It's that game again
Dr Helen Szamuely
 Yes, it's
football again. Anyone would think I was obsessed with it. (Though I have
noted that the English season started last week. You can't miss these events
if you live opposite a stadium.)
It is clear that there are ramifications to football that most of us had
never suspected, and I do not mean the extra-curricular activity that seems to
have gone on in the FA.
According to the Financial Times a state-aid probe is being
conducted by the Commission into the financial affairs of football teams in
Germany, Italy, Spain, France and the UK. (Why not the others, one asks
oneself.) Tobias Buck reports:
"The European Commission inquiry, which is still at a
preliminary stage, focuses on three issues: property deals and public help in
constructing football stadiums; tax breaks for clubs; and state assistance in
paying social security charges."
There have been various investigations in the past and they came to nothing
either because the cases collapsed or, as in Italy, the law was changed. This
time the Commission seems determined. It is looking into property transactions
connected with Real Madrid and Bayern München, among others. It seems that
various kinds of local government assistance and tax breaks made it possible
for these teams to buy new stadia and new players.

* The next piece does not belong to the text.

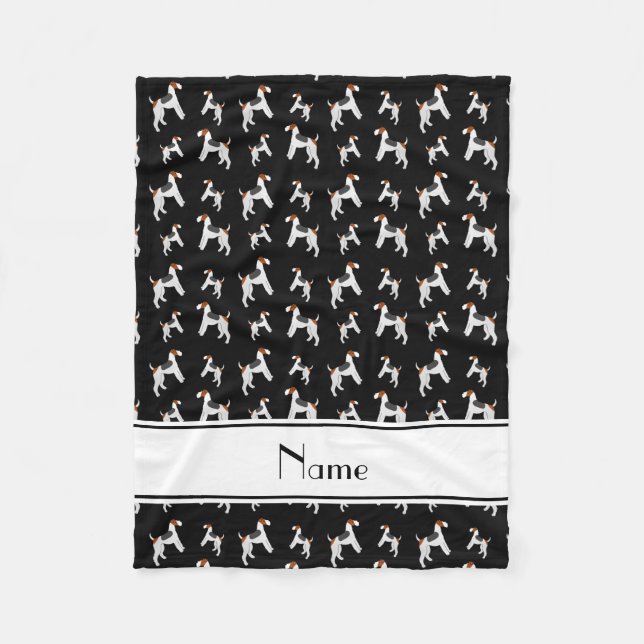 Couverture Polaire Nom personnalisé Black fox terrier chiens (Devant)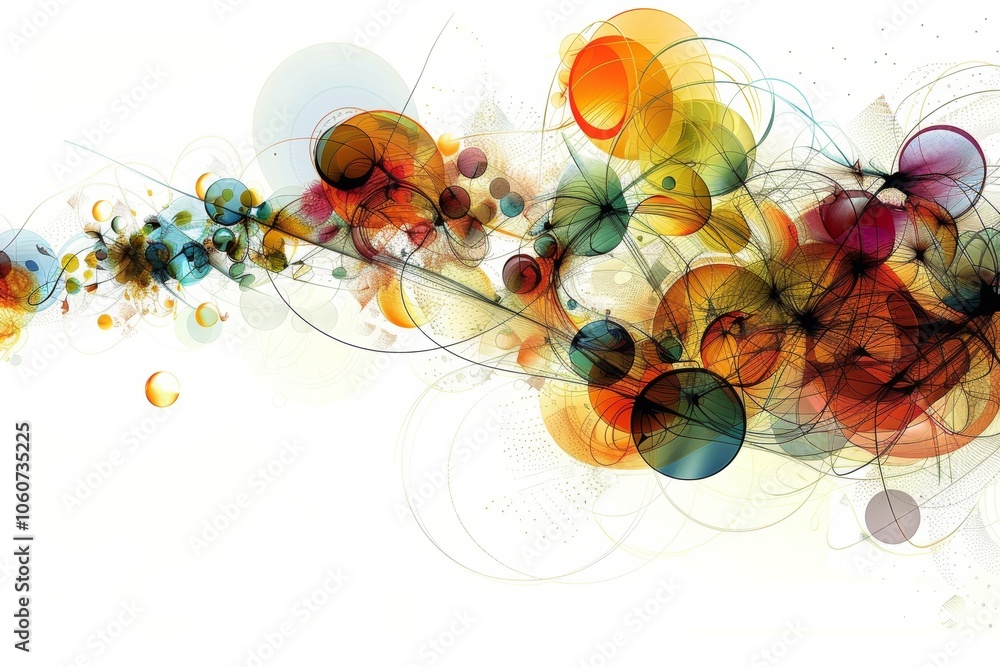 Poster a vibrant and abstract design element featuring flowing shapes and colors, showcasing chaos and crea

However, it is pertinent to ask on what basis precisely is the Commission
looking into these affairs. A spokesman for Mario Monti, the Competition
Commissioner, said that football was a "core economic activity which causes a
lot of complaints and which we need to pursue". It does cause a lot of
complaints, many of them to do with the referee's ability to see straight but
how does that concern Monti?
The competition Monti is supposed to be dealing with is economic, not
sporting. When he looks at state subsidies or tax breaks or other perks doled
out to favoured companies by embattled governments, he is supposed to be
making sure that there is a level playing field (whatever that may be) between
all the EU competitors and, also, that the consumer is not cheated.
None of this applies to football teams. AC Milan, Real Madrid, Chelsea or
the various Spartacus teams are not in direct competition with each other
economically speaking. Each caters for its own customers or clients. A
supporter of one team is not going to support another one just because of a
better stadium. The games are watched because of the way they come up in the
various competitions not because of the players that happen to have been
bought. Advertising follows popularity.
One could argue, of course, that football teams should finance themselves
(though why should they have no tax breaks when other companies do) but that
is not what the European Commission is saying, as far as one can make out. The
Commission is making out a case for the funding to be at least centrally
controlled and, perhaps, in the fullness of time, centrally disbursed.
This raises an interesting question: will the Commission start
investigating the funding of other institutions within the broad area of sport
and culture? Will Monti or his successor look at opera companies or circuses?
What about the money that is being pumped into the various Olympic bids?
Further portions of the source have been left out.